The NCAC has created an online index of censorship since Sept. 11 to track these incidents.
"Just because these images are difficult to deal with, doesn't mean we need to erase them," Metzger said.
NCAC launched the Art Now discussion forum to replicate live debates and to create a virtual place where artists might connect and collaborate with each other.
"We wanted to create a community that promotes free expression," Metzger said.
Artists can use the online forum to express sentiments on everything from self-censorship to the need to continue creative expression in times of crisis, when national leaders call for unity and consensus.
"Providing glimpses of 'otherness' in an otherwise homogenous horizon is really important," Mintcheva said.
One of Art Now's featured exhibits, The Word Room, is an interactive installation in Cedar Rapids, Iowa, that is filled with a soundscape that includes words taken from recent speeches by leading Western politicians about the war on terrorism. The work encourages viewers to add their own words to the "Web wall."
One of the nation's most high-profile memorial proposals is a public art show called "Towers of Light," co-produced by New York-based nonprofit Creative Time and The Municipal Art Society. The project, which was conceived by a group of artists and architects shortly after Sept. 11, would project white columns of light at night in the space adjacent to where World Trade Center used to be.
"Towers" has received a flood of public response ever since its images graced the cover of The New York Times Magazine last September.
Creative Time will also launch "The Arts Respond to 9.11," a public poster and media art campaign in New York City, in partnership with Poets & Writers, the Van Alen Institute and Worldstudio Foundation.
One poster from each of the visual arts, literary arts, architecture and graphic design categories will be posted on the street and distributed at a selection of public forums from February through March. Eventually, all 50 artist submissions will be downloadable from the Creative Time website.
"We wanted to invite artists to respond and we felt that the media walls and poster sniping was the best way to gain the (most) visibility that we could," said Sarah Bacon, communications director at Creative Time.
It's difficult to predict what the art world will look like going forward. Some suggest that artworks will emerge that search for a more sensitive, open sense of meaning.
"Personally, I think that after some time, the interesting things will come out, one by one," Segall-Marx said. "Those things might reach past the pain and shock, and go for something that brings the public into seeing a new way.
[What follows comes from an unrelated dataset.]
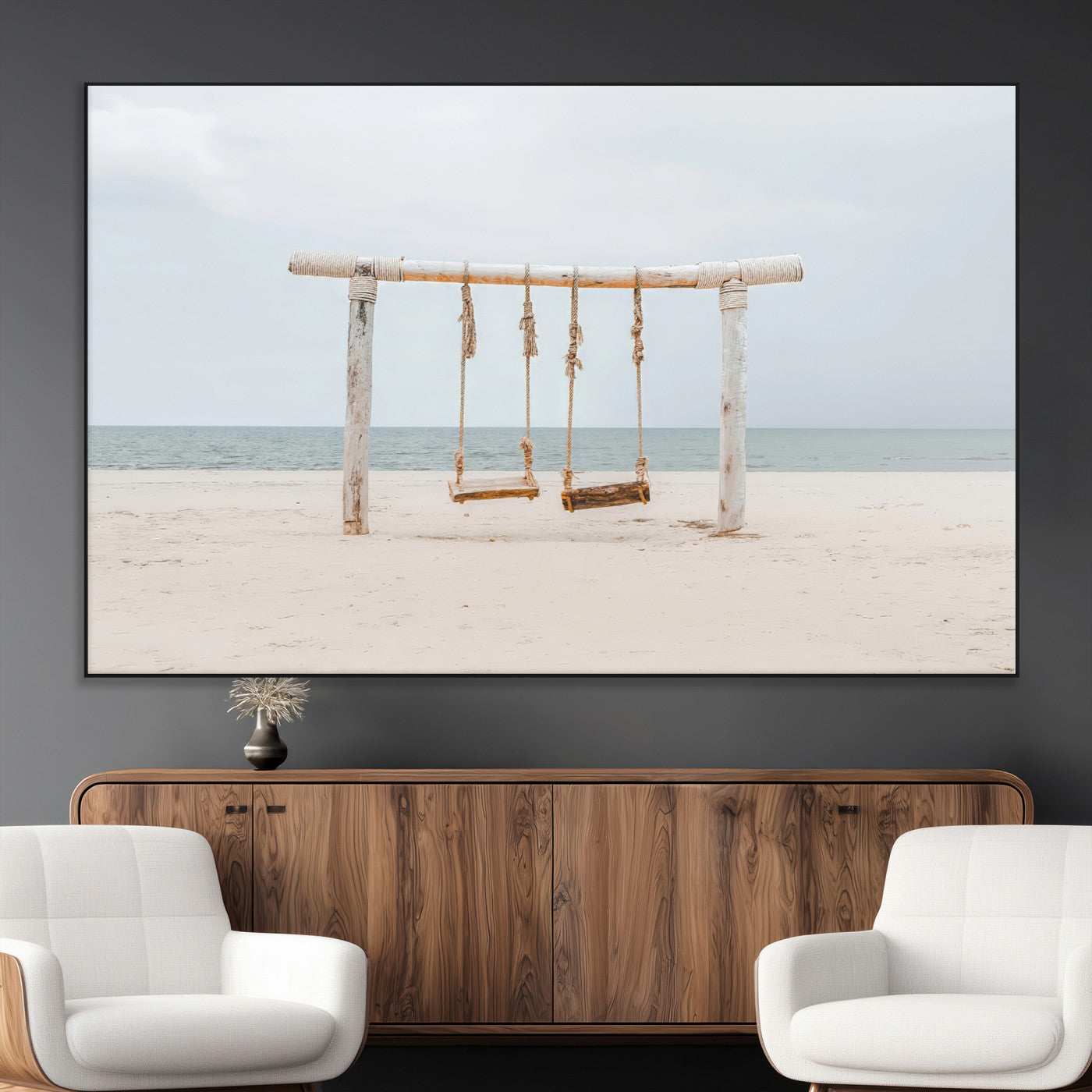 A rustic wooden beach swing stands on a serene sandy shore with an ocean horizon in the background, creating a tranquil and dreamy coastal escape.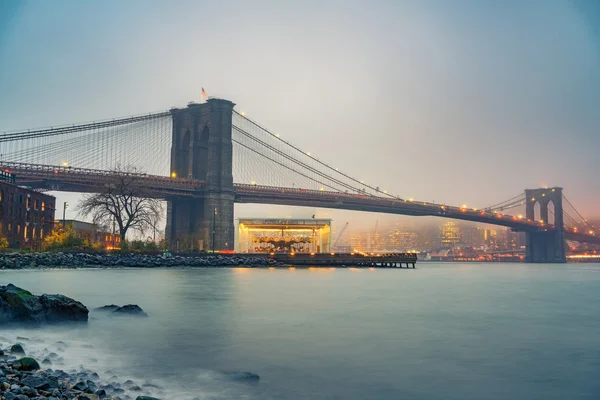 Brooklyn bridge at foggy evening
"The walls of grief that were seen around the world the week of the event and that can still be seen today at St. Paul's Chapel near Ground Zero, those are really something. Because they are grass roots, they are anything and everything in terms of being pure feeling from individuals. They overwhelm."
But whatever form that art will take, it's clear that the landscape has changed.
"A lot of art now was produced before Sept. 11, but now we see it in a different context," Mintcheva said. "Whatever we do now has a totally different set of references."